Tasarrufa konu malın sabit tenkis oranında bölünmezliği ortaya çıktığı takdirde sözü geçen 564. maddedeki tercih hakkı gündeme gelecektir. Böyle bir durum ortaya çıkmadan davalının tercih hakkı doğmadan davalının tercihini kullanması söz konusu olamaz. Daha önce bir tercihten söz edilmişse sonuç doğurmaz. O zaman davalıdan tercihi sorulmak ve 11.11.1994 günlü 4/4 sayılı İçtihadı Birleştirme Kararı uyarınca süratle dava konusu olup sabit tenkis oranına göre bölünemeyen malın, karar tarihindeki rayice göre değeri belirlenmeli ve bu değerin sabit tenkis oranıyla çarpımından bulunacak naktin ödetilmesine karar verilmelidir.
Öte yandan 6100 sayılı Hukuk Muhakemeleri Kanunu"nun 303. maddesinde düzenlendiği üzere maddi anlamda kesin hükümden söz edilebilmesi; diğer bir anlatımla yeni açılan bir davaya karşı o davanın daha önce kesin hükme bağlanmış olduğunun söylenebilmesi için, her iki davanın taraflarının, dava sebeplerinin ve ilk davanın hüküm fıkrası ile ikinci davaya ait talep sonucunun aynı olması gerekir.
Somut olaya gelince, ... 8. Asliye Hukuk Mahkemesinin 2015/272 Esas, 2015/433 Karar sayılı vasiyetnamenin iptali davasının eldeki dava ile konusunun farklı olması nedeniyle eldeki davada kesin hüküm teşkil etmeyeceği açıktır.
Hal böyle olunca, davacının tenkis isteği yönünden yukarıda açıklanan ilkeler kapsamında araştırma ve incelemenin yapılması, sonucuna göre bir karar verilmesi gerekirken yanılgılı değerlendirme ile yazılı şekilde hüküm tesisi doğru değildir.

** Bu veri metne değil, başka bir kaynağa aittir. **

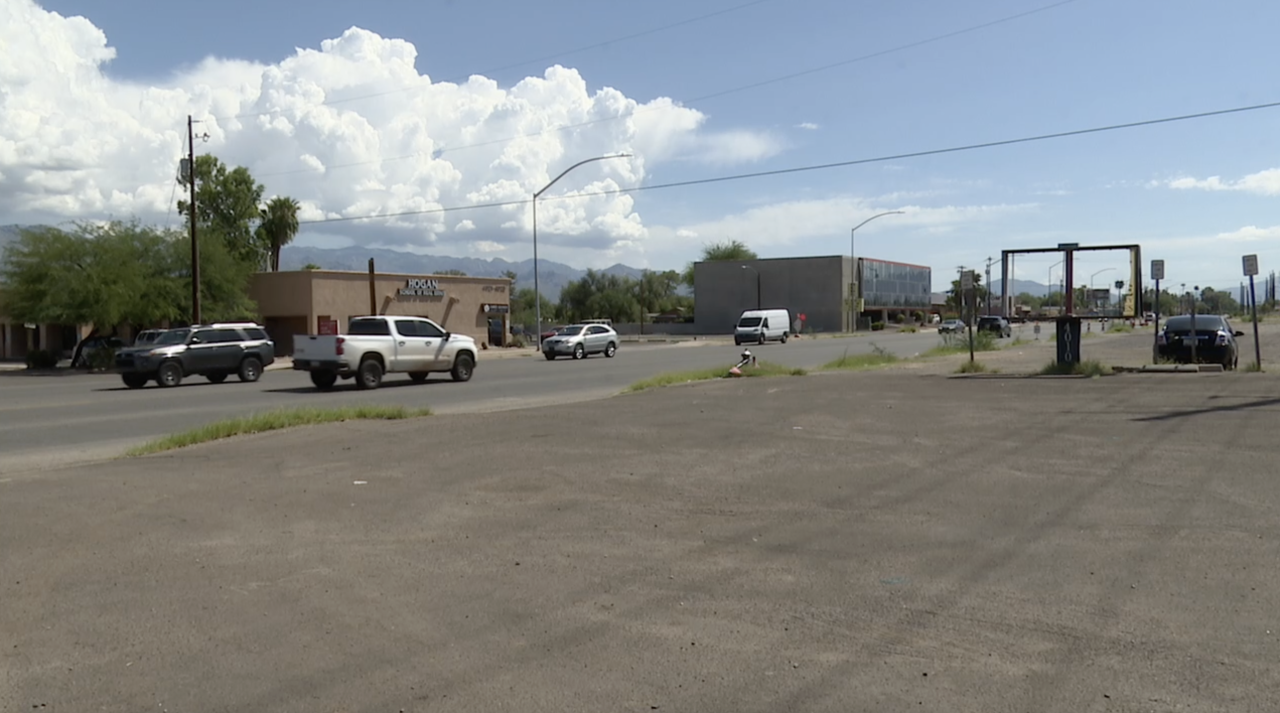 Grant Road expansion set to finish by 2026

Davacının yerinde bulunan temyiz itirazlarının kabulü ile, hükmün (6100 sayılı Yasanın geçici 3.maddesi yollaması ile) 1086 sayılı HUMK"un 428.maddesi gereğince BOZULMASINA, alınan peşin harcın temyiz edene geri verilmesine, 04.03.2020 tarihinde oybirliğiyle karar verildi.